I mean: $Tr_{E_1} V_1 \oplus Tr_{E_2}V_2 = Tr_{E_1 \oplus E_2} (V_1 \oplus V_2) $.
Actually this kind of means that $(E_1 \otimes B_2) \oplus (E_2 \otimes B_2) = (E_1 \oplus E_2)\otimes(B_1\oplus B_2)$. Which I am not sure, but might be legit.
Is that true? Assuming $V_i: B_i \otimes E_i \longrightarrow B_i \otimes E_i$.
If $B_1 = B_2 = B$, then it is true in a sense, but you have to be careful about what you mean by $\operatorname{Tr}_{E_1 \oplus E_2}$. In particular, we note that the spaces $$ (E_1 \otimes B) \oplus (E_2 \otimes B), \quad (E_1 \oplus E_2) \otimes B $$ are canonically isomorphic.

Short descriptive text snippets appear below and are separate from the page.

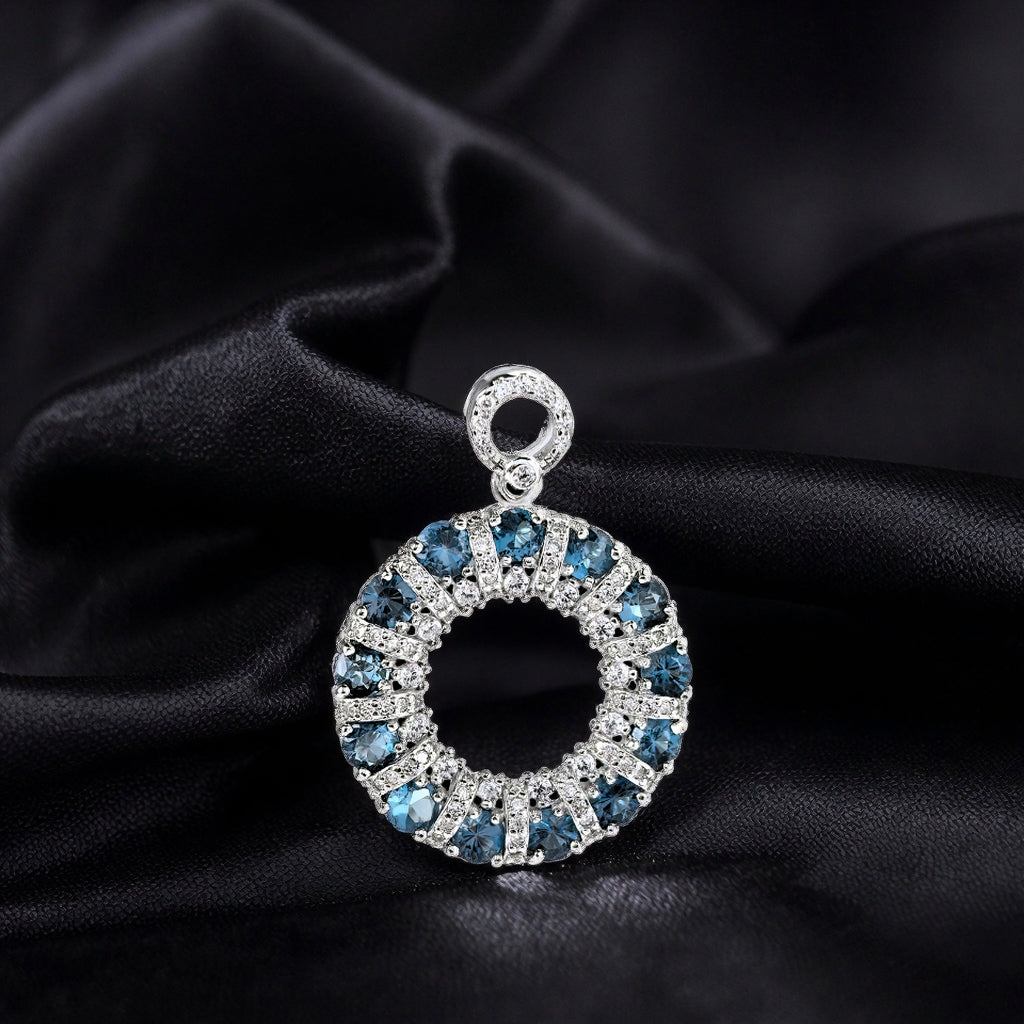 Dazzling Rhodium Plated 925 Sterling Silver London Blue Topaz Pendant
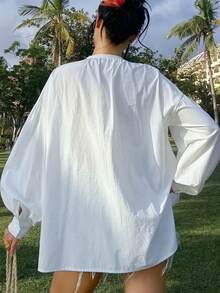 1 buah Atasan Penutup Wanita Motif Bunga Patchwork Tenun Applique untuk Liburan Musim Semi/Panas - Putih - View 2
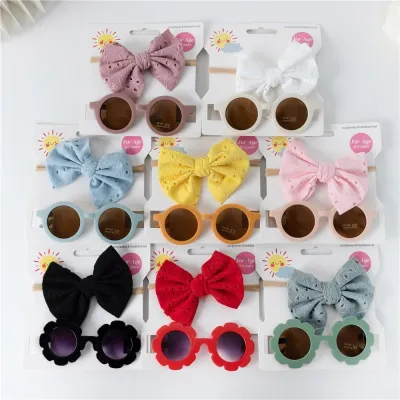 Kids Casual Fashion Hollow Bow Hairband Headwear Sunglasses 2-Piece Set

In particular, the linear map $\Phi: (E_1 \oplus E_2) \otimes B \to$ $(E_1 \otimes B) \oplus (E_2 \otimes B)$ defined such that $ \Phi[(x_1 \oplus x_2) \otimes y] = (x_1 \otimes y) \oplus (x_2 \otimes y) $ defines an isomorphism.
With that said, your statement can be rendered as $$ \operatorname{tr}_{E_1 \oplus E_2}(\Phi^{-1} \circ (V_1 \oplus V_2) \circ \Phi)= \operatorname{tr}_{E_1}(V_1) \oplus \operatorname{tr}_{E_2}(V_2). $$